Такой определенной аудитории не было. К нам самые разные люди приходили. Потому что информации, в общем-то, было достаточно — для тех, кто был сориентирован своим сознанием, мышлением. На концертах были самые-самые разные люди. Так же, как и на выставках…
Вот я никогда не забуду: была гигантская выставка в Гавани, в павильоне, морозы и бури, каждый день минус двадцать. И каждый день на улице стояла гигантская очередь — самые разные люди: пожилые, средних лет… То есть тогда у аудитории была такая потребность в новой информации, в каких-то новых волнах…
Я сама один раз стояла долго в очереди на выставку в ДК им. Газа. Хорошо помню эту очередь и людей, которые там стояли. Я тогда еще не участвовала в выставках, позже начала.
Люди на выставках подходили, высказывали свое мнение?
Да, очень часто. Иногда после выставок устраивали обсуждения. И вопросы бывали разные, иногда совсем какие-то забавные. А я вот, например, очень давно обнаружила, что люди, которые по всем канонам образованности, ориентации в знаниях и восприятии культуры должны считаться абсолютно невежественными, порой очень точно и совершенно неожиданно воспринимают живопись.
И поэтому все догмы восприятия — это как колпак, я часто с этим сталкивалась и на общих выставках. Ведь там участвуют и молодые люди… А пожилые — это вообще… Полный дисфокус. На самом деле все это ложные представления, но это нормально. Все они переходят из одного времени в другое, только штриховки разные.

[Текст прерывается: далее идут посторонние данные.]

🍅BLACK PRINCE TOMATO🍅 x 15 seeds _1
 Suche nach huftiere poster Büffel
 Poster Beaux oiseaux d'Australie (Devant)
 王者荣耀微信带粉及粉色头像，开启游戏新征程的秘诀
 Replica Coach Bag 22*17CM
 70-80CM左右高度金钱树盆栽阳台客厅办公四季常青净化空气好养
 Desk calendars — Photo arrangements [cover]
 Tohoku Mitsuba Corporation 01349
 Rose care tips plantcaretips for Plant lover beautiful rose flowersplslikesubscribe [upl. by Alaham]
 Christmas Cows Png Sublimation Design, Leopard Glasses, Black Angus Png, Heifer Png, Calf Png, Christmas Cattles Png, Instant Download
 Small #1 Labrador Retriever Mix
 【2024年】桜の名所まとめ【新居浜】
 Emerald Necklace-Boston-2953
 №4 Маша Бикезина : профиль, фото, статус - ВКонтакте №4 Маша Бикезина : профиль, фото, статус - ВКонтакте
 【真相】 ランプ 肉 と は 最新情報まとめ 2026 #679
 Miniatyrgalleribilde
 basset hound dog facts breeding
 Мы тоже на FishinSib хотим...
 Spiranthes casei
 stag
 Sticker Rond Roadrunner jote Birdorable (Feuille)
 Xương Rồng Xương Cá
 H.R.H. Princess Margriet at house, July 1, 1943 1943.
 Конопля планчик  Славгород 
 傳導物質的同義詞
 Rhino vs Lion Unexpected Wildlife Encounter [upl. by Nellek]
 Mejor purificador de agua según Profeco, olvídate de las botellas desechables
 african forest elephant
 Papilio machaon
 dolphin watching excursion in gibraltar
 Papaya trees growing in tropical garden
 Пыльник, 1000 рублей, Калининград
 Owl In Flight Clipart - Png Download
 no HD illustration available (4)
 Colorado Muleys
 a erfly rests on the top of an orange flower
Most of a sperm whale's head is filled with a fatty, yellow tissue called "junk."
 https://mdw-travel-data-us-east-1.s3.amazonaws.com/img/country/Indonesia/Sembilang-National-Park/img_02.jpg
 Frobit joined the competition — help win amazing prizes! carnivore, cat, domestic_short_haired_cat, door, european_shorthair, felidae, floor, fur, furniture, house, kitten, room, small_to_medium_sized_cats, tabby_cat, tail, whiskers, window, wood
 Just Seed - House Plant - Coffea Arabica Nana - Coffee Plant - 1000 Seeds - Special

С каким ощущением Вы заселялись на «Пушкинскую»? Были ли какие-то переживания, сомнения?
Нет, сомнений абсолютно не было. Я немного уже описала то состояние энергии, в которое я окунулась, поэтому я была к этому совершенно готова, для меня было совершенно естественно и просто неизбежно.
Все вокруг так наливалось соками, набухало, хотя и под поверхностью, а потом, конечно, с появлением «Пушкинской» прорвалось наружу. Сразу нашлись люди, у которых были интересные мысли: команда здесь была такая сумасбродная, такая яркая, такая неуправляемая и совершенно замечательная. Мы непрерывно переливались из мастерской в мастерскую, все были интересны друг другу. Театралы были немного потусторонние. А художники общались в любое время.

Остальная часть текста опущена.